THIS is a “necessary” book, in the sense that it bridges a gap: between mainstream churchgoers in the West who generally support the legalisation of some abortions and quite a few theologians who do not. Even in Britain, it is difficult to find Christian ethicists today who actually defend the 1967 Abortion Act, despite the significant influence on it of both Archbishop Michael Ramsey and Bishop Ian Ramsey.
As a reluctant defender of the Act (early in our marriage we decided that we would not consider an abortion for ourselves), I have often felt isolated for seeing it as a compassionate response to desperate women and as a proven way of eliminating deadly backstreet abortions.
At last, a passionate and well-argued book has confronted the most strident anti-abortion theologians. This is not an easy task. The clearest positions are those of pro-life and pro-choice absolutists. For the former, full human life begins at conception, and any deliberate taking of that life is murder. For the latter, abortion at any stage is simply and solely a decision for the pregnant woman: the foetus/baby has no legal or ethical rights until birth.
Despite her subtitle, Professor Kamitsuka is not pro-choice in this sense. She does believe in a woman’s choice, but she also believes that the foetus has value from conception onwards, and she recognises that there is an ongoing tension between these two beliefs.
The first part of this book is the most effective and combative. Here, she argues in detail against those theologians — including David Albert Jones in The Soul of the Embryo (ironically shortlisted in 2007 for the Michael Ramsey Prize) — who claim that abortion has been consistently and wholly opposed by mainstream Christianity since the New Testament (or even, some claim, the Old Testament). She contends, convincingly in my view, that the biblical evidence for this is ambiguous, and that Tertullian, Augustine, and Aquinas did not condemn all induced abortions as being equally wrong, and nor did much Western Church practice until the late 19th century.
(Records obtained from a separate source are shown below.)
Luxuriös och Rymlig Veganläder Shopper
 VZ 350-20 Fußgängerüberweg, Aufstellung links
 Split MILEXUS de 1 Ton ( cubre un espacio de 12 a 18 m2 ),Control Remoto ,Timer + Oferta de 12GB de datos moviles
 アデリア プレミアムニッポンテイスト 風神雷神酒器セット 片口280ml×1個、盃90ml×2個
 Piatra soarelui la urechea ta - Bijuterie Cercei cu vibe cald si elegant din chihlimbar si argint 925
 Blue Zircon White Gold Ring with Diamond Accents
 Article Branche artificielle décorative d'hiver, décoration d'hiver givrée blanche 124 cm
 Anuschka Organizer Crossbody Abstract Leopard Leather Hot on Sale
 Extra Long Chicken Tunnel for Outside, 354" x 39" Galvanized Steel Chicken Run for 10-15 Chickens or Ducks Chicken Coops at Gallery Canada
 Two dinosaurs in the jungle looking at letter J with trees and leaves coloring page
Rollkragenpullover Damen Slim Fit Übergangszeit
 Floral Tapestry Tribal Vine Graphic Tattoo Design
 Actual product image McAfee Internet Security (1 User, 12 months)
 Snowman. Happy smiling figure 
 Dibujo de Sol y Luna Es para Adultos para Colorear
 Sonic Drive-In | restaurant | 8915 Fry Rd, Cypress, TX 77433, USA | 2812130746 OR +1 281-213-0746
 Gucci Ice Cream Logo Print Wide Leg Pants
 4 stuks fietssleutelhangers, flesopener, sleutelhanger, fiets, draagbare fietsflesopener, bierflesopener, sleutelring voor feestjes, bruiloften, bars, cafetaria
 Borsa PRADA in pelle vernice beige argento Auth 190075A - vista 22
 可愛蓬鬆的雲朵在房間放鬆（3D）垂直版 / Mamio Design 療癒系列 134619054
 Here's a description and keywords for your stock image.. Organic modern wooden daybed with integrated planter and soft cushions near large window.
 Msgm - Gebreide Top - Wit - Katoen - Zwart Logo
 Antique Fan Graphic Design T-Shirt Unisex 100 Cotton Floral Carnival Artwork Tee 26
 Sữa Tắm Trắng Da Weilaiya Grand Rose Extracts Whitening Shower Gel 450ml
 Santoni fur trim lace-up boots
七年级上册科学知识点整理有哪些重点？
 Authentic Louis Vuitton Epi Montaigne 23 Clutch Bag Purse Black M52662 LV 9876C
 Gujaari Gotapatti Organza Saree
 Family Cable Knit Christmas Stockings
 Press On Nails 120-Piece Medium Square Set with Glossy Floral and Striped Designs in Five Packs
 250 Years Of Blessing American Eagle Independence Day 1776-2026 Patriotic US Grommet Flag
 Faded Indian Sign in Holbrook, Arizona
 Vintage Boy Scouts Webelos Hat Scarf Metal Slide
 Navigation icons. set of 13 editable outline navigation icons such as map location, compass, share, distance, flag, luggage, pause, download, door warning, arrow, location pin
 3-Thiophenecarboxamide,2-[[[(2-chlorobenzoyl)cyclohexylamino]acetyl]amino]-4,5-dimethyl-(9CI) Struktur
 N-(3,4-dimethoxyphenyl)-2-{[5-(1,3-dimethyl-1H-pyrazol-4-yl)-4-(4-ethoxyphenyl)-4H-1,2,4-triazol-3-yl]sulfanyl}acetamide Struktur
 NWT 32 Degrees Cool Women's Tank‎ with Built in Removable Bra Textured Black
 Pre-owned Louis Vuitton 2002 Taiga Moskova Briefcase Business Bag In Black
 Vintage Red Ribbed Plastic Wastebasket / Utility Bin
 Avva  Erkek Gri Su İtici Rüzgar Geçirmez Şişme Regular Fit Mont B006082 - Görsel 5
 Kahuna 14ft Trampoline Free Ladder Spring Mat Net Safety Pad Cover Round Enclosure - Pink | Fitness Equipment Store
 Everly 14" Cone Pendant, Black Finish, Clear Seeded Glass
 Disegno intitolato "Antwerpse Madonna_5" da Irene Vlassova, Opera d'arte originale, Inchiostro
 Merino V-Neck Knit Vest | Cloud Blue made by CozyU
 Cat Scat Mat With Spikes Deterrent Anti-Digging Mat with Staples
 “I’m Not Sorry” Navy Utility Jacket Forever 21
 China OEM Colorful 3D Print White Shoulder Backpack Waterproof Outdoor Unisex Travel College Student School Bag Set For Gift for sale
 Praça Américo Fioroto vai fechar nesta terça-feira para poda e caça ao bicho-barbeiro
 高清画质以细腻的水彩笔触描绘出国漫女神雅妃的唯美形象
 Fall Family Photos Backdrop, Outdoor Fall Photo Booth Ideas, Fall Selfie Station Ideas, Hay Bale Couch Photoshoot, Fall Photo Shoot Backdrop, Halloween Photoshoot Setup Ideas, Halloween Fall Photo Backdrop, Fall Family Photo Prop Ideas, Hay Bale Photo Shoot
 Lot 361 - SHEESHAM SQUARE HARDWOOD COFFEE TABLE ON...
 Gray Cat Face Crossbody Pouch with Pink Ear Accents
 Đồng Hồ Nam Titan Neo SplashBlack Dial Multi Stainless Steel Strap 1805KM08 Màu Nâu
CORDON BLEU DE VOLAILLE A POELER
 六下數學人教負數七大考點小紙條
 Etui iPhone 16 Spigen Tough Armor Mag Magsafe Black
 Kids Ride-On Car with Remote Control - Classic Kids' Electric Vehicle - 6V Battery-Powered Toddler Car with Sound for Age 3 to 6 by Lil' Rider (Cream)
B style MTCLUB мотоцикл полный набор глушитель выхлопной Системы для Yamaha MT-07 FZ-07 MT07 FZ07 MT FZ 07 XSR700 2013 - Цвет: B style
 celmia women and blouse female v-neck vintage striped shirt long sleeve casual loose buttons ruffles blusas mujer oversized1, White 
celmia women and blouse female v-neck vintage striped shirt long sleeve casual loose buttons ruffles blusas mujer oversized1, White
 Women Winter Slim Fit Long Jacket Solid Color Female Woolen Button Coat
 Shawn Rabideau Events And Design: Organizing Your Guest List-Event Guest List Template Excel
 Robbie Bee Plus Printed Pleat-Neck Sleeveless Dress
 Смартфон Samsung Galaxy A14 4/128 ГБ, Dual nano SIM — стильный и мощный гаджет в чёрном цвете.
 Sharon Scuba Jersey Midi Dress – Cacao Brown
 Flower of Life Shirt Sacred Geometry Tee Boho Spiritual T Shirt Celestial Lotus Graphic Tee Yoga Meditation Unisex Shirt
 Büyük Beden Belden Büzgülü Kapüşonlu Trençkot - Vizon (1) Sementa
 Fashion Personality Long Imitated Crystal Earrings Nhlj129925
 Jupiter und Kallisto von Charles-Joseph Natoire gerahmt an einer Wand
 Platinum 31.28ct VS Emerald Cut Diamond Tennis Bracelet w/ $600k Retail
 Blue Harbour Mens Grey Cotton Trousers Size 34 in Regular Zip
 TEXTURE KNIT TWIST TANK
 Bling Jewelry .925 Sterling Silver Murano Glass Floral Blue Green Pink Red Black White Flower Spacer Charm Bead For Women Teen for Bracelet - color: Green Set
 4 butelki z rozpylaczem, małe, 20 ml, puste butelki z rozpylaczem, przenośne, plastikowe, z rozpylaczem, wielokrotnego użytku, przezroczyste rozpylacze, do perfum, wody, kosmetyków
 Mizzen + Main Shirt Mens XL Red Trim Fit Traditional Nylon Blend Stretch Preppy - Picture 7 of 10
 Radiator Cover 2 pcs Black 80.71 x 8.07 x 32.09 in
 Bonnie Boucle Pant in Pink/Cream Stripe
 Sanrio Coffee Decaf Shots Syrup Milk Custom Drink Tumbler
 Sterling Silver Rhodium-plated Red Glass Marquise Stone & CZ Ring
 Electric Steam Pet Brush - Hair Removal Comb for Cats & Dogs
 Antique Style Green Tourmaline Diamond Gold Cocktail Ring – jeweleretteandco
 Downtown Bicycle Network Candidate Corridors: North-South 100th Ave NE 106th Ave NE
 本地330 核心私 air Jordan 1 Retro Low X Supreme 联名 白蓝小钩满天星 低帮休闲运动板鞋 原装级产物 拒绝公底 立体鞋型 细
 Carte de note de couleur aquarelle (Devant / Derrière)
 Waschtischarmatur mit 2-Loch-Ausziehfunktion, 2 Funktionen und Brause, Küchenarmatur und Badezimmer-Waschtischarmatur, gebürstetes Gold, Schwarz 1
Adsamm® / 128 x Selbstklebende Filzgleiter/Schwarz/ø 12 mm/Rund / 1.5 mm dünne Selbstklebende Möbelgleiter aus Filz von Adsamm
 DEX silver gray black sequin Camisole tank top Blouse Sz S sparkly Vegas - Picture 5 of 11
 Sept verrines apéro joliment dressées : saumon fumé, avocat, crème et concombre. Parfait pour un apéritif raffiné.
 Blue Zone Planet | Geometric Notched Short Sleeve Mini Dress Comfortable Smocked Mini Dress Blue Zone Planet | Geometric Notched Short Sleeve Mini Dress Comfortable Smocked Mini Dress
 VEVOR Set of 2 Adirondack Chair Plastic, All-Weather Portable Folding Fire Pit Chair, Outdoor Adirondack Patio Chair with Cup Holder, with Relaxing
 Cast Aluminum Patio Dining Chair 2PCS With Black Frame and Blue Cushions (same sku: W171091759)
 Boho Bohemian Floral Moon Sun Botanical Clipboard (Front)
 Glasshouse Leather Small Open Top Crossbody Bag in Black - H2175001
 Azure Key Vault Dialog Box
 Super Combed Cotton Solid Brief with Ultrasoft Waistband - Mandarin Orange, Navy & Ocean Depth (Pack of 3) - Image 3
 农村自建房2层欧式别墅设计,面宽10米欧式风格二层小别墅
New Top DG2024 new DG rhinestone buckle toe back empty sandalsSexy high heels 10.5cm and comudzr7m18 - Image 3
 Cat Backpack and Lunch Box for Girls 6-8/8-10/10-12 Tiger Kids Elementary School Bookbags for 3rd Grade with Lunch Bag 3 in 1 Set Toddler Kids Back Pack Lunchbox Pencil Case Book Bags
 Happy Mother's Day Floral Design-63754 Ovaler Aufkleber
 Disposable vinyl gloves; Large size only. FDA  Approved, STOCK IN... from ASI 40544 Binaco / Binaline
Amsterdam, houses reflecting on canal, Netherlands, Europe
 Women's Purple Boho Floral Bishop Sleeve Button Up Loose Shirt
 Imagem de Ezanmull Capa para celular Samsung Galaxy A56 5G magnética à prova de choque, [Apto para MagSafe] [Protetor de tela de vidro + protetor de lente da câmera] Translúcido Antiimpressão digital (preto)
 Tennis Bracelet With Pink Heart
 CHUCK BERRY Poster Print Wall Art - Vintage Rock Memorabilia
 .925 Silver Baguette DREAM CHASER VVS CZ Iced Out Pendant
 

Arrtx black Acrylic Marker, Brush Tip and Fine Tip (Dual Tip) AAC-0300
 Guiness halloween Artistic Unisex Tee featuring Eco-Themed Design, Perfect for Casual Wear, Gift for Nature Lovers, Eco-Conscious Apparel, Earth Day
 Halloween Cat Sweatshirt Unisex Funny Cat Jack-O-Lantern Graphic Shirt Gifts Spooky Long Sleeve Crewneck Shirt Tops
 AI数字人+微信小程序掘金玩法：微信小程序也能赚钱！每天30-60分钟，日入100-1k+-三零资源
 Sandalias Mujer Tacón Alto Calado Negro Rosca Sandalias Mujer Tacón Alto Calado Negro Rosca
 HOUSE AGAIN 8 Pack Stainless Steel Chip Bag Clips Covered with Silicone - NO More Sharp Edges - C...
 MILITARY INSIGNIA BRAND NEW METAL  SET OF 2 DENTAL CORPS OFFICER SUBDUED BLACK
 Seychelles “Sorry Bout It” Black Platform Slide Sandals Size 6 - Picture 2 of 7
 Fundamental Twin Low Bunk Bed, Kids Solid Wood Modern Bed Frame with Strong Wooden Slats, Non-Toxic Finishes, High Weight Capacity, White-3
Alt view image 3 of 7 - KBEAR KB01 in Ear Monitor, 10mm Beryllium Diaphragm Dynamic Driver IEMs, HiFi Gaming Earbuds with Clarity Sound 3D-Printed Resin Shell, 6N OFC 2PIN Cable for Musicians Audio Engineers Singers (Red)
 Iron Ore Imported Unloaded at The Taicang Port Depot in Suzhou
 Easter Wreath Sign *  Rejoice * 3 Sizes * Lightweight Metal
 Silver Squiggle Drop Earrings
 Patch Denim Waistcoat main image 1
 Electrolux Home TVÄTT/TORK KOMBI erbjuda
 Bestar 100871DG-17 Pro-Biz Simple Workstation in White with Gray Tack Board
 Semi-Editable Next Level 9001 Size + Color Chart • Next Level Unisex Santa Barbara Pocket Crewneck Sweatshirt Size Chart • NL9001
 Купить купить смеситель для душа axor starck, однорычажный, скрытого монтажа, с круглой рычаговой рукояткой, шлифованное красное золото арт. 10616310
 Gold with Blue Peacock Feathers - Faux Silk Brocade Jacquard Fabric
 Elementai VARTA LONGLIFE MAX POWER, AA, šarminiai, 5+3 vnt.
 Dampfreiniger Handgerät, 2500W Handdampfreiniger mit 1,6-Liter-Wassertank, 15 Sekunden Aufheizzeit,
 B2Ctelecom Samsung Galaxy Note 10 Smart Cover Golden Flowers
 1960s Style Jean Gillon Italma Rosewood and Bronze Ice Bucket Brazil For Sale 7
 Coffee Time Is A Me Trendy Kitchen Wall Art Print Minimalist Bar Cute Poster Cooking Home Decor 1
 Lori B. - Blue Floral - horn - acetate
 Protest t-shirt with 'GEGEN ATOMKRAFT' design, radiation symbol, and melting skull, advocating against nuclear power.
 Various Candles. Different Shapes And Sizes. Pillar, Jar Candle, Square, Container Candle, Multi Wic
Nor is she convinced by the doctrinal and philosophical arguments used by pro-life advocates. She is particularly shocked by the claim of the Thomist philosopher John Haldane (together with Patrick Lee) that when a mother’s life is in danger “a man ought rather to let the woman perish than that he himself . . . [commit] the crime of homicide in killing the fetus.” She explodes at this point: “Such statements render one speechless with the misogyny that is not even thinly veiled. . . I find this viewpoint abhorrent.”
The second part sets out her own position more clearly, arguing that “a fetus is not a nonperson without value, but neither is the fetus a person whom a woman is morally obligated always to gestate.” She also pleads for a more compassionate approach to women who, for whatever reason, finally decide against gestating: “I suggest that God sends God’s Spirit of comfort not just to repentant women but also to women who believe they made the best or at least the only feasible choice available to them — whether their abortion choice is experienced as tragic, a survival tactic, or a response to other callings”.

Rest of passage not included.